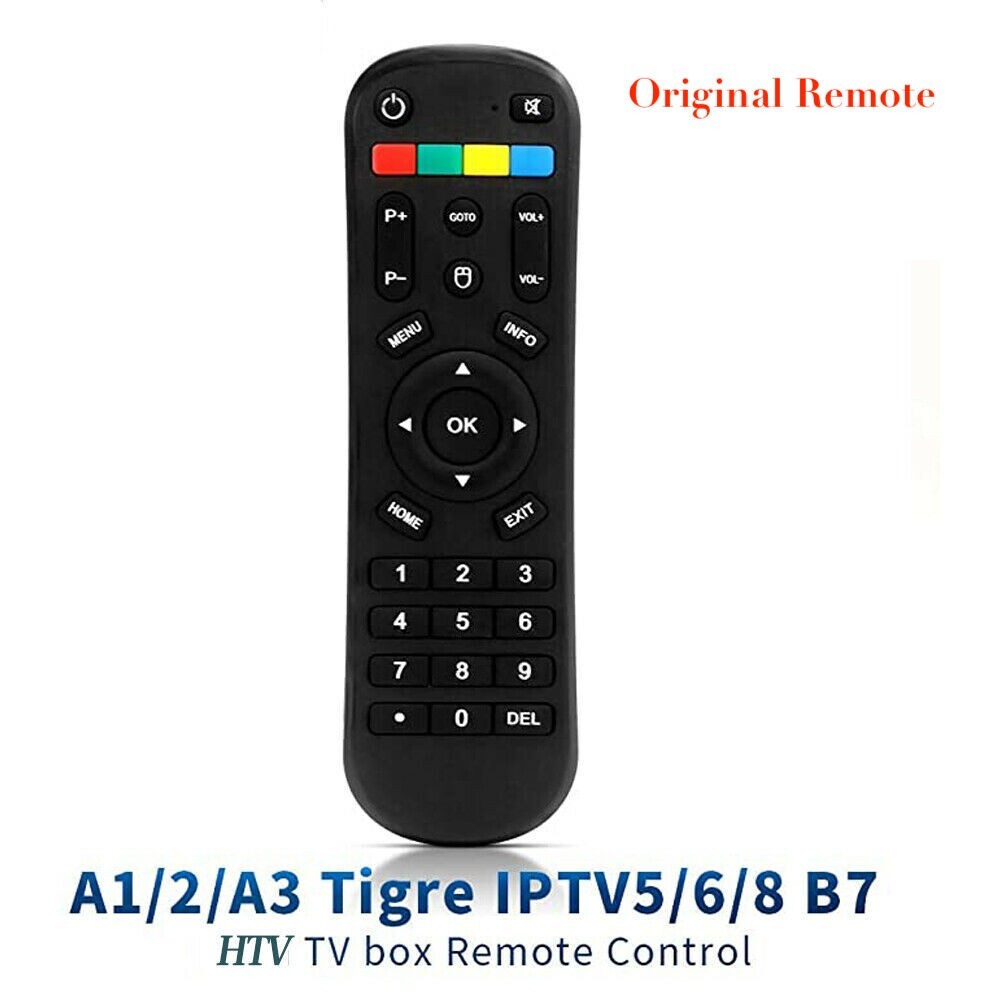 NEW GENUINE Remote Control for HTV BOX A1 A2 A3 B7 Tigre Luna TV Box USA SELLER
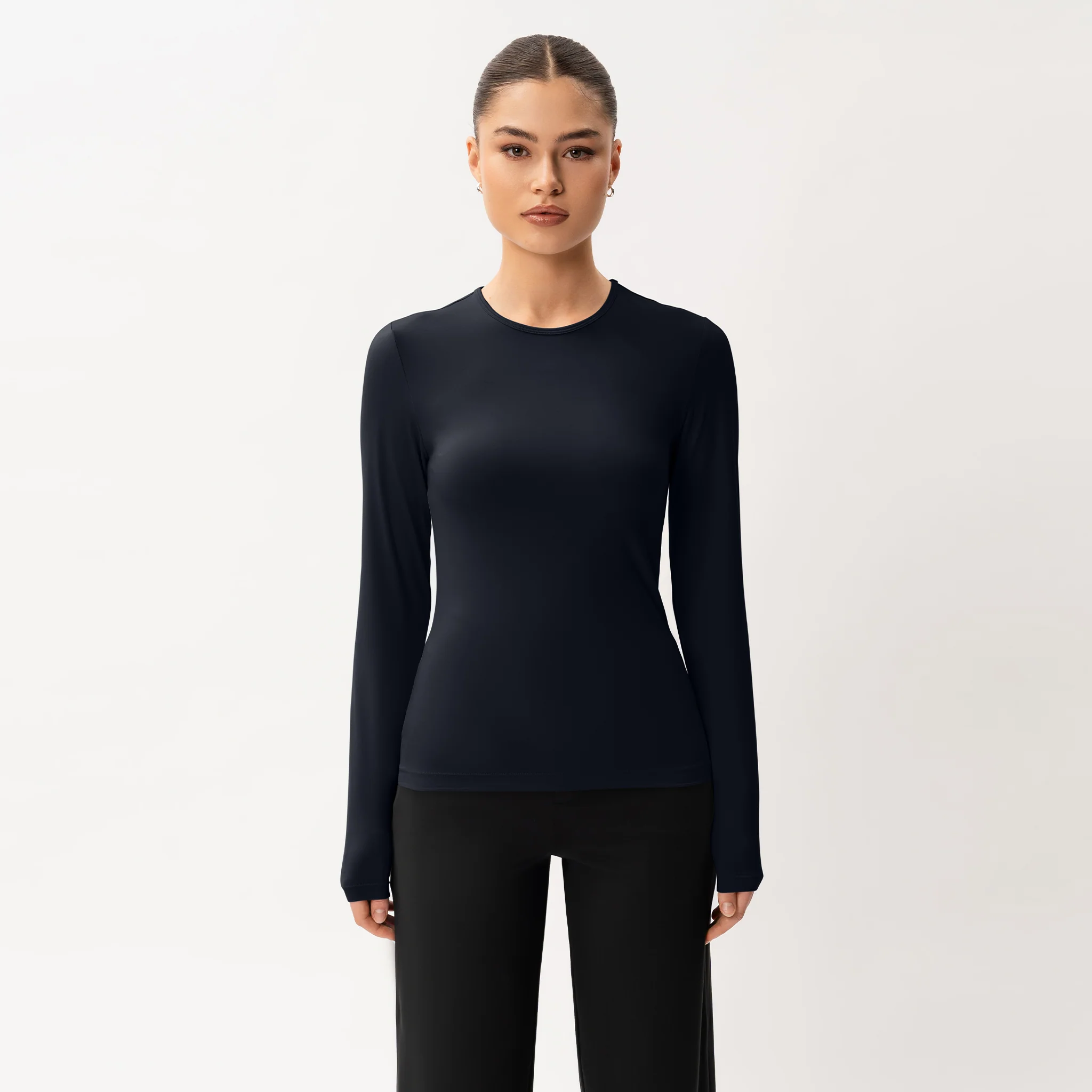 Soft Long-sleeve T-shirt - Image 4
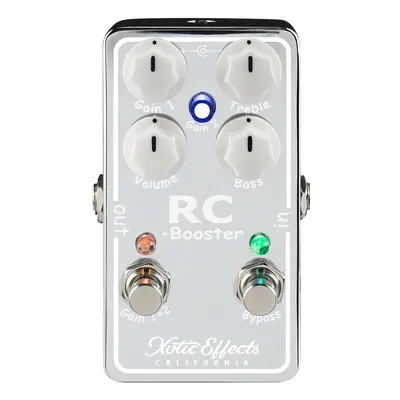 Xotic RC Booster V2 Effet guitare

━━━━━━━━━━

# [The task]
With the pictures removed, write out exactly the lines from the line containing "Soft Long-sleeve T-shirt - Image 4" through the last line of the material above, both included.

# [Response area]
 Soft Long-sleeve T-shirt - Image 4
 Xotic RC Booster V2 Effet guitare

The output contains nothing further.